061 | Fragmentos
KANSAS
El mundo a veces parece estar bien, parece sonreír de la más cálida y grata manera. Vemos la vida a colores, despertamos y nos tomamos el tiempo de observar las nubes transitando en las alturas, vemos los detalles que antes pasábamos por desapercibido al caminar por las calles y nos alegra ver la forma en que la gente se saluda. Cerramos los ojos al abrazar, olfateamos las páginas de un libro, disfrutamos de un paseo al caer la noche y de una buena canción sonando de fondo.
Entonces, al llegar a casa, la satisfacción de sacarnos los zapatos y lanzarnos a la cama nos quita más de un suspiro antes de que alguien aparezca y nos diga que la cena está lista; es ahí donde charlamos, donde compartimos el día a día y decimos buenas noches antes de mirar a las personas que nos rodean y dar por sentado que mañana podremos decirles buen día.

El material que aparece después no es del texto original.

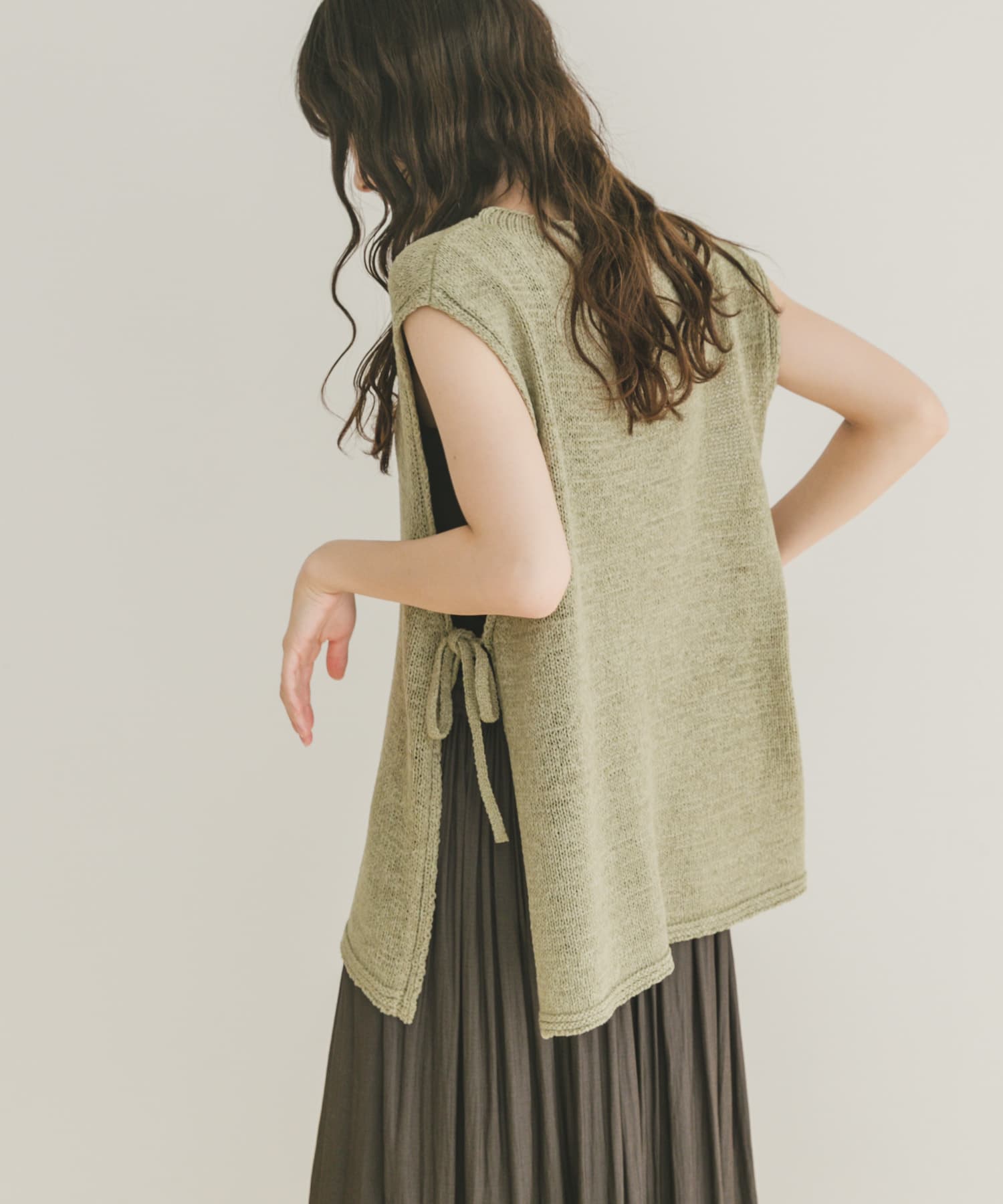 新品タグ付き　かぐれ　テープヤーンニットベスト　アーバンリサーチドアーズ 新品タグ付き かぐれ テープヤーンニットベスト アーバンリサーチドアーズ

La cotidianidad, si somos capaces de apreciarla, a veces representa un gran porcentaje de la felicidad de la que somos capaces de gozar.

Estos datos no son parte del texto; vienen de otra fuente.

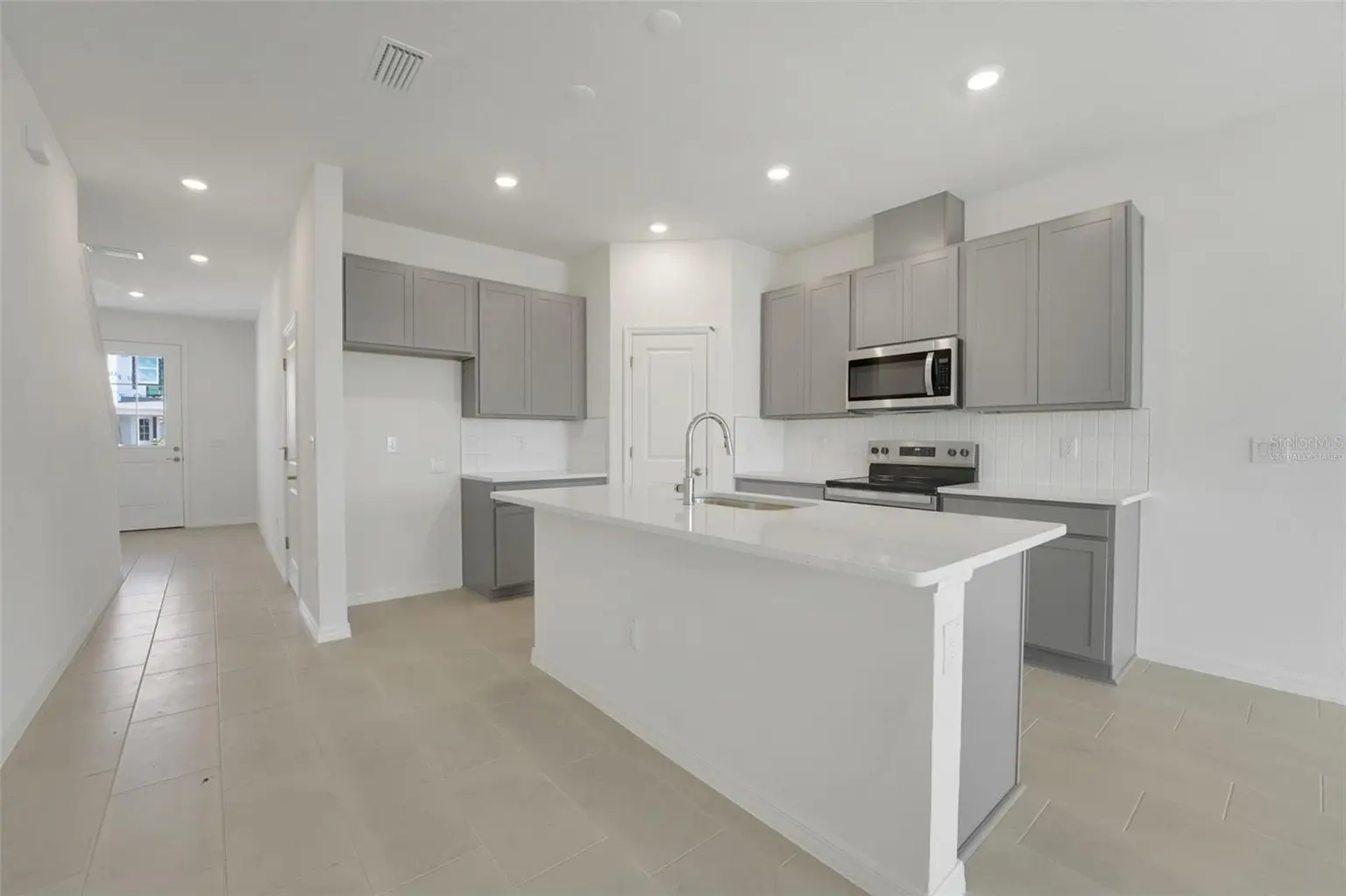 31803 KESTREL CALLING DRIVE, SAN ANTONIO, FL, photo 8 of 27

Al pensar aquello es cuando recuerdo a Zoe bajándose del auto para correr en mi dirección con su mochila de algún extraño dibujo animado que rebota en su espalda y sus gritos que llenan mis oídos. La recuerdo cuando cuenta en voz alta mientras mueve las piezas del Monopoly y avanza los casilleros, la recuerdo intentando enrollar los fideos con su tenedor y pasando trozos de pan a Ratatouille entre los barrotes de su jaula. La oigo hacerme preguntas sobre todo tema, pedirme que toque el piano una vez más, reír y jalar de mi cabello mientras intenta trenzarlo. La siento acomodarse contra mí mientras pasan alguna película de Disney en la televisión y nos echamos en el sofá, siento su pequeña mano tomando la mía antes de cruzar la calle y contemplo el brillo de albricia que resplandece en su mirada cada vez que la señora Hyland aparece con una bandeja de galletas. Recuerdo cuando me pide que le ate los zapatos, que la ayude con su tarea de matemáticas y que le prepare un sándwich de queso que tengo la certeza de que se lo dará a su hámster.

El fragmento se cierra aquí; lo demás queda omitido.